Since none of the above answer clears the confusion, here is one which cleared my confusion.

Strictly speaking, a mutex is a locking mechanism used to synchronize access to a resource. Only one task (can be a thread or process based on OS abstraction) can acquire the mutex. It means there will be ownership associated with mutex, and only the owner can release the lock (mutex).

Semaphore is signaling mechanism (“I am done, you can carry on” kind of signal). For example, if you are listening songs (assume it as one task) on your mobile and at the same time your friend called you, an interrupt will be triggered upon which an interrupt service routine (ISR) will signal the call processing task to wakeup.

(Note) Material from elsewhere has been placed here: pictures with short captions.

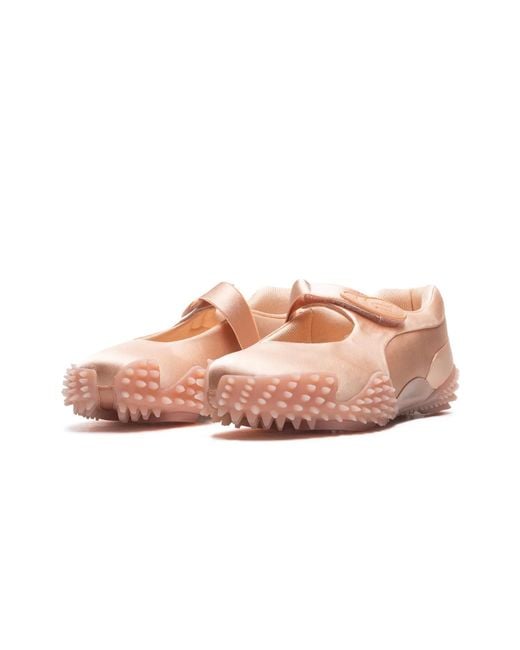 PUMA Pink Velcro Casual Shoes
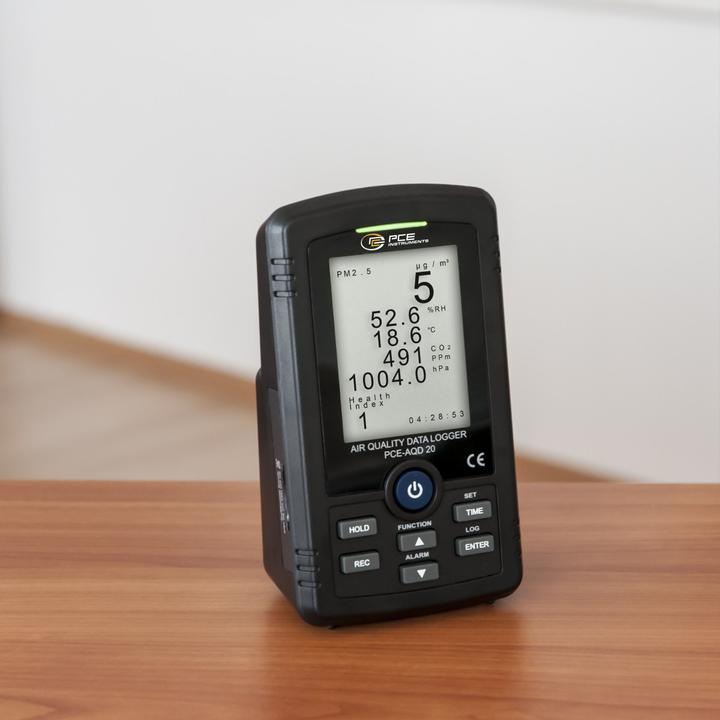 Image du produit PCE Instruments appareil de mesure de la poussière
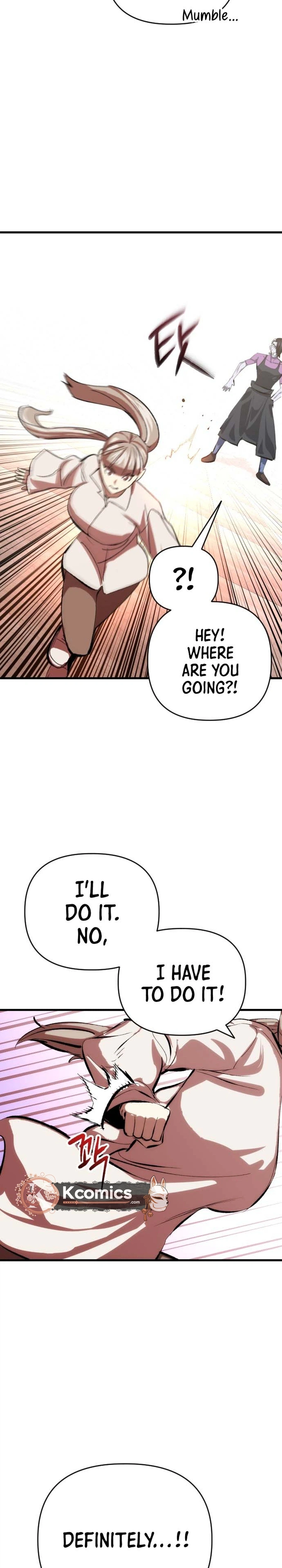 Read Killing Killer chapter 134 image 33 on Lezhin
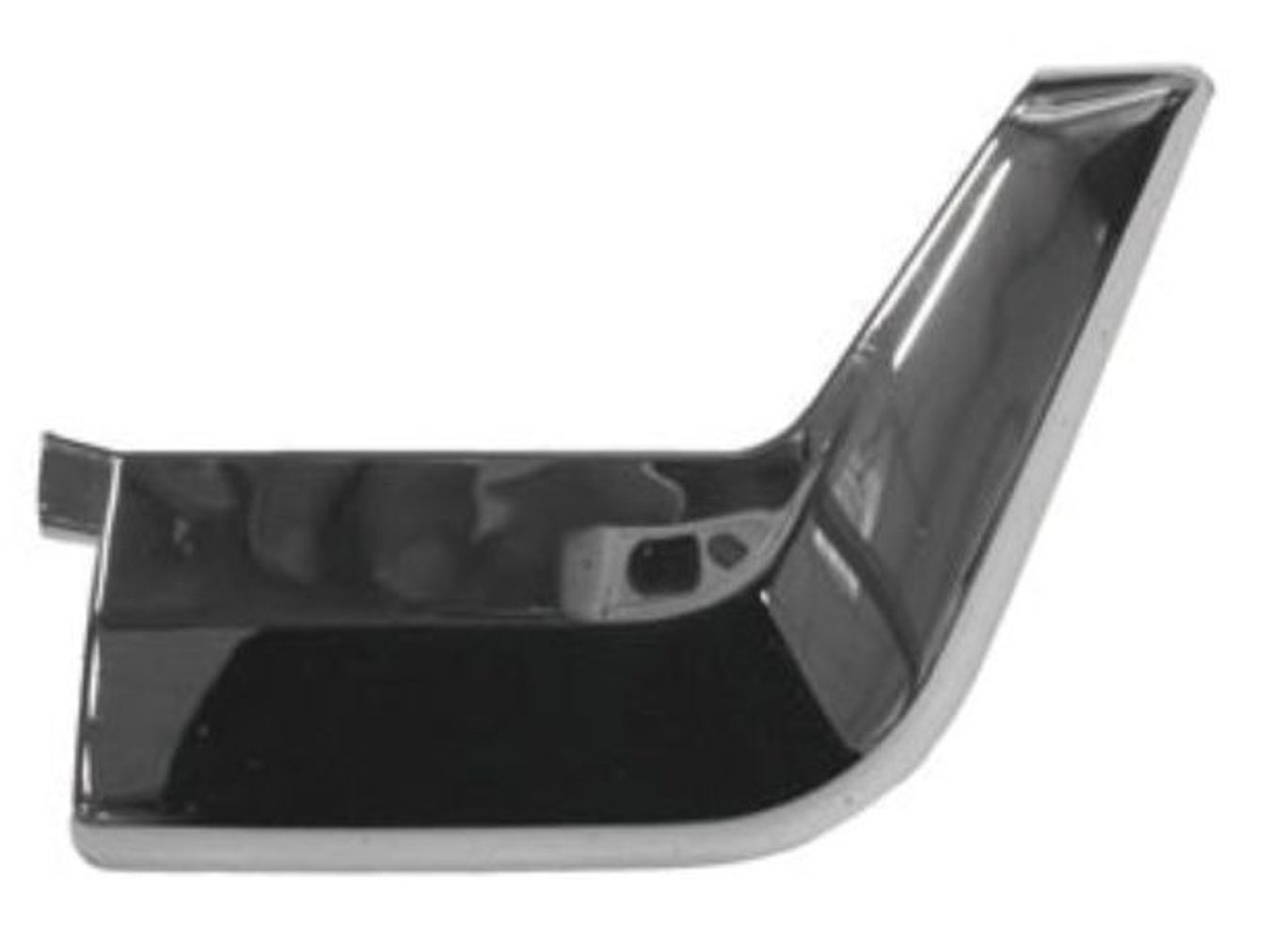 clignotant Volvo 240 1981-85 chromé gauche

Source: http://www.geeksforgeeks.org/mutex-vs-semaphore/

In windows the difference is as below. MUTEX: process which successfully executes wait has to execute a signal and vice versa. BINARY SEMAPHORES: Different processes can execute wait or signal operation on a semaphore.

Mutex: Suppose we have critical section thread T1 wants to access it then it follows below steps. T1:

1. Lock
2. Use Critical Section
3. Unlock

Binary semaphore: It works based on signaling wait and signal. wait(s) decrease "s" value by one usually "s" value is initialize with value "1", signal(s) increases "s" value by one. if "s" value is 1 means no one is using critical section, when value is 0 means critical section is in use. suppose thread T2 is using critical section then it follows below steps. T2 :

1. wait(s)//initially s value is one after calling wait it's value decreased by one i.e 0
2. Use critical section
3. signal(s) // now s value is increased and it become 1

Main difference between Mutex and Binary semaphore is in Mutext if thread lock the critical section then it has to unlock critical section no other thread can unlock it, but in case of Binary semaphore if one thread locks critical section using wait(s) function then value of s become "0" and no one can access it until value of "s" become 1 but suppose some other thread calls signal(s) then value of "s" become 1 and it allows other function to use critical section. hence in Binary semaphore thread doesn't have ownership.

Nice articles on the topic:

• MUTEX VS. SEMAPHORES – PART 1: SEMAPHORES
• MUTEX VS. SEMAPHORES – PART 2: THE MUTEX
• MUTEX VS. SEMAPHORES – PART 3 (FINAL PART): MUTUAL EXCLUSION PROBLEMS

From part 2:

The mutex is similar to the principles of the binary semaphore with one significant difference: the principle of ownership. Ownership is the simple concept that when a task locks (acquires) a mutex only it can unlock (release) it. If a task tries to unlock a mutex it hasn’t locked (thus doesn’t own) then an error condition is encountered and, most importantly, the mutex is not unlocked. If the mutual exclusion object doesn't have ownership then, irrelevant of what it is called, it is not a mutex.

Myth:

Couple of article says that "binary semaphore and mutex are same" or "Semaphore with value 1 is mutex" but the basic difference is Mutex can be released only by thread that had acquired it, while you can signal semaphore from any other thread

Key Points:

•A thread can acquire more than one lock (Mutex).

•A mutex can be locked more than once only if its a recursive mutex, here lock and unlock for mutex should be same

•If a thread which had already locked a mutex, tries to lock the mutex again, it will enter into the waiting list of that mutex, which results in deadlock.

•Binary semaphore and mutex are similar but not same.

•Mutex is costly operation due to protection protocols associated with it.

•Main aim of mutex is achieve atomic access or lock on resource

The answer may depend on the target OS. For example, at least one RTOS implementation I'm familiar with will allow multiple sequential "get" operations against a single OS mutex, so long as they're all from within the same thread context. The multiple gets must be replaced by an equal number of puts before another thread will be allowed to get the mutex. This differs from binary semaphores, for which only a single get is allowed at a time, regardless of thread contexts.

The idea behind this type of mutex is that you protect an object by only allowing a single context to modify the data at a time. Even if the thread gets the mutex and then calls a function that further modifies the object (and gets/puts the protector mutex around its own operations), the operations should still be safe because they're all happening under a single thread.

{
    mutexGet();  // Other threads can no longer get the mutex.

    // Make changes to the protected object.
    // ...

    objectModify();  // Also gets/puts the mutex.  Only allowed from this thread context.

    // Make more changes to the protected object.
    // ...

    mutexPut();  // Finally allows other threads to get the mutex.
}

Of course, when using this feature, you must be certain that all accesses within a single thread really are safe!

I'm not sure how common this approach is, or whether it applies outside of the systems with which I'm familiar. For an example of this kind of mutex, see the ThreadX RTOS.